Gut Rumbles

September 21, 2004

gone now

I lost a lot of stuff I wrote and saved when my computer crashed the other day. I have a lot of it saved on disks, but I didn't save it all. Some of the vanished stuff was pretty good, in my humble opinion.

I have a question to ask any writer out there: have you ever tried to go back and rewrite from scratch something you wrote a month ago? I can't do it. I can come up with something else, or something SIMILAR about the same topic, but I can't duplicate what I did before.

For me, good writing is often a one-shot deal. You lose that one, and it's gone.


I can never write again what I wrote before and lost.
Like you, I can try, and with luck it will be similar.... but It's never as good.

That's why I dont even bother trying unless I have no choice.

Posted by: Mad Ogre on September 21, 2004 11:38 AM

Geez, for me, even bad writing is a one shot wonder. I've long been a reader and quite envious of your abilities. One thing for sure, you've got more good stuff in you, and I can't wait to read it.

Posted by: Melissa on September 21, 2004 11:50 AM

I had a disk with all of my completed and publishable work on it. I'd print a story out, send it off to an editor, and wait for either the acceptance or rejection. Worked just fine.

Until the disk went bad, and took with it all of my completed work. I had some rough drafts of only three of the stories in hard copy.

I've tried re-writing what I lost. It just isn't there anymore.

Good thing there's plenty of new stuff.

Posted by: Veryalda Relisys on September 21, 2004 01:51 PM

I don't know if this would work or if it's even worth the trouble but maybe you could try to connect your old hard drive up to your new one in a master/slave configuration and try to save some of your documents that way. Assuming that you old drive is even readable.

Posted by: Kirk on September 21, 2004 03:36 PM

Ahhh- the pang of loss. I was once( please don't yawn, it distracts me !) listening to a street Flautist in San Francisco. I had requested "Swingin' Shepard Blues", and he informed me that he could not recall it. We disscussed the forgetting phenomena, and he related the following tale.
He was at a friends house in a Northern state, and was looking out the kitchen door window at slowly falling snow. He said that the fat snowflakes reminded him of musical notes, so he cranked up his flute, and watching the snow, started playing. He said that all creation seemed to flow through his breath and came out the Flute. He played for a long time. Sometimes he had tears as he played.
He finally stopped playing. But , when he tried to recapture the music, he couldn't. He tried and tried, but the flow of expression dissappeared. Only the feeling of loss remained.
" I hope" , he said ," that someday I remember"

Posted by: waitaminnit on September 21, 2004 08:29 PM

BTW, how's that novel coming along?

Posted by: BJK on September 21, 2004 10:33 PM

assuming i can call myself a "writer" i can usually get most of it back IF i try to recapture it right away. if there's any time lapse between the time i wrote it and the time i lose it, forget about it. it's gone, gone, gone.

worse yet, when that happens its really difficult to even want to recapture it. its like i put all my effort into it have to do it again is like pissing in the wind.
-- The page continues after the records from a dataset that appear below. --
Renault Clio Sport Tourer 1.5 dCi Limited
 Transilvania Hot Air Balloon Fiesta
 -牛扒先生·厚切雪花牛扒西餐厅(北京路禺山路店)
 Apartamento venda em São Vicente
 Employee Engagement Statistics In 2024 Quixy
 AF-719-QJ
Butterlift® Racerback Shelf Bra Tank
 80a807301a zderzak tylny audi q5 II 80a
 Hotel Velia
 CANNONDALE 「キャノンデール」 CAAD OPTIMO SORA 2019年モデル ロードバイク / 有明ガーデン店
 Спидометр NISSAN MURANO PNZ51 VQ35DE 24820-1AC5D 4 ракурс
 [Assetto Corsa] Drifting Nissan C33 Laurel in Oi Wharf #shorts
i have to say, after reading your initial post about the computer crash, i was amazed you didnt immediately go into some crazed rant about all the work you lost.

Posted by: mr. helpful on September 22, 2004 01:39 AM

If the magick be strong, the mental-cardial branding iron will be hot enough to rewrite a whole book if you have to.

Everything is written in drafts anyway, so if you rewrite the same piece, you'll probably do it even better, you just won't have the old draft to fall back on.

Worst case: it's OK to lose some stuff, it ain't the end of all. Like the hottie that turned you down, she's never really as good lookin' as you remember. Same with writing.

Technical side:

Save everything and save often! There are memory sticks that plug into your USB drive that can hold entire libraries yet fit on a keychain. Keep one "off-site" (e.g. in your truck) in case (knock on wood) there's a fire or something. You can get a good one for under 40 bucks or even less.

Also, print out some of your more important stuff. Then you'll always have a hard copy.

Posted by: horse with no-- on September 22, 2004 01:46 AM

Oh man! Was it Carlisle, or maybe Macaulay, that had his only copy of his labor of years, an important history book, I think, used by his ignorant chambermaid to kindle a fire?

Hey, it's just a machine! (in this case) That is, you shoulda known, and taken care. Now if it were an evil, or even careless human who had done that, err, I dunno, but I think I'd get *really* mad!

Posted by: Justthisguy on September 22, 2004 05:29 AM


If you have $400 to spend you might want to look at

Mirra does automatic backups for you. I've never used it personally, but i've heard good things about it.